No one likes losing. Suggesting failure as a starting point is negative. It's self defeating. It places emphasis on the symptom of a breach. It creates unnecessary hurdles to overcome.
Embracing the mindset of 'anticipate breach' offers hope. More than a mindset, it is a tool for leaders to drive change in the organization. It is a way to ask simple questions that start important discussions.
Three questions to get the discussion started
Instead of telling someone a breach is inevitable, ask them "what happens if we get breached?"
When asking for the first time, it's common for people to wave off the suggestion. "We won't."
Acknowledge it. Then ask again, "Right. But if we did get breached, how would that impact you?" Or the project. Our customers. Whatever the focus is.
Invite them to engage in the discussion with you. Guide the conversation with these three questions:
- If something goes wrong, how fast can we detect it? How much confidence do you have? Are we looking at the right things? The most important assets and information?
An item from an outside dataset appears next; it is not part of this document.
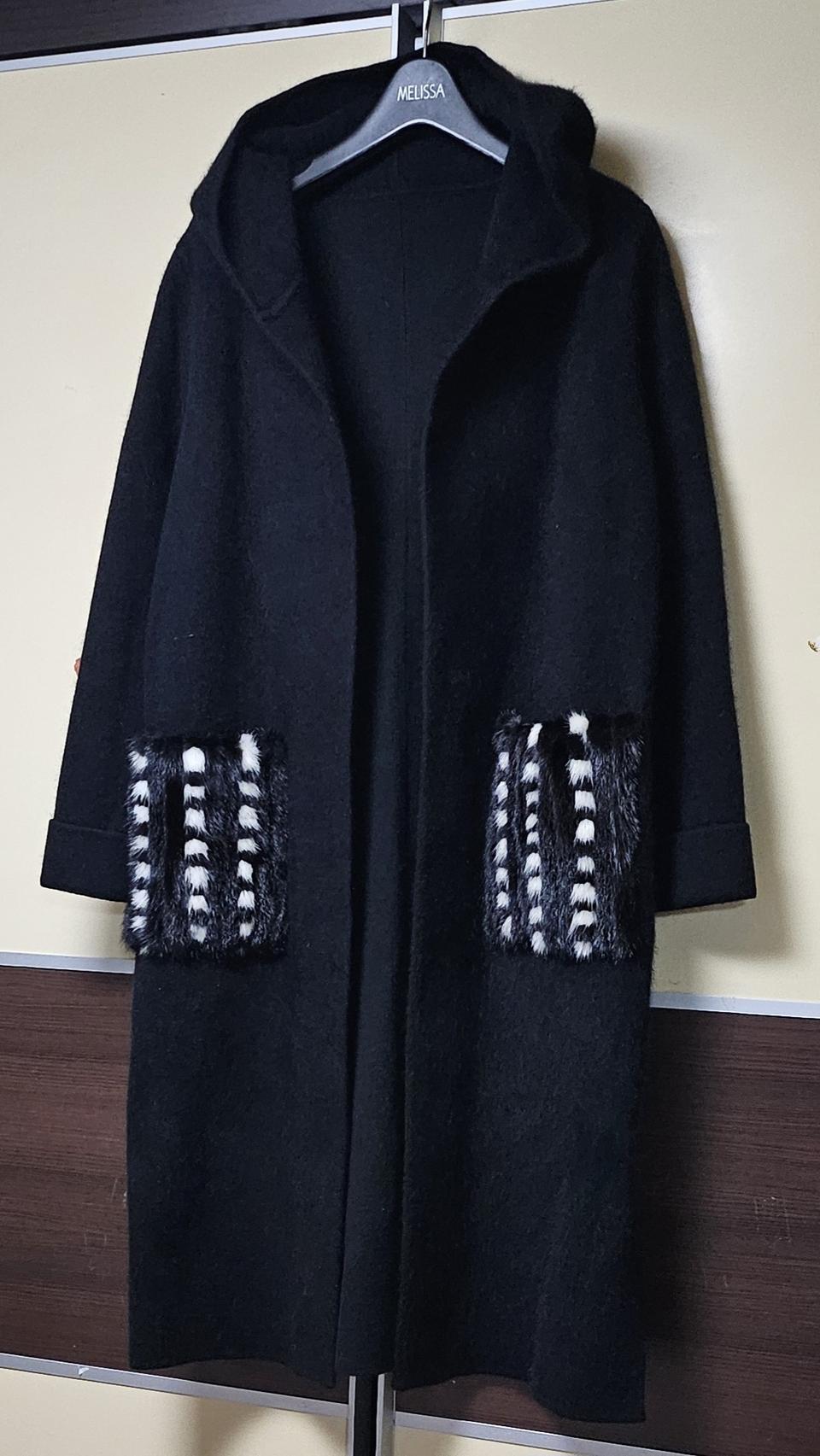 밍크포켓 후드 롱 니트가디건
- When we detect a problem, how well do we respond? While speed of response matters, getting it right matters more. Ask them what they would do. Explore the priority and steps.
- How is our prevention working? How do we know? Find out what we can block. What we need to look for. And consider how to judge what is and isn't working.
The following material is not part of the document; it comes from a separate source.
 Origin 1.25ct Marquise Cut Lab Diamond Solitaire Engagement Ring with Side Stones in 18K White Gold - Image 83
The right mindset guides proper action
Anticipate breach is a powerful, positive way to engage others and guide action.
This includes the security professionals, executives, and board members. It ranges from startups and nonprofits to established Fortune 500 companies.
When you adopt the mindset, you improve your leadership. You empower others to ask questions and offer solutions. You drive change that improves security and the business.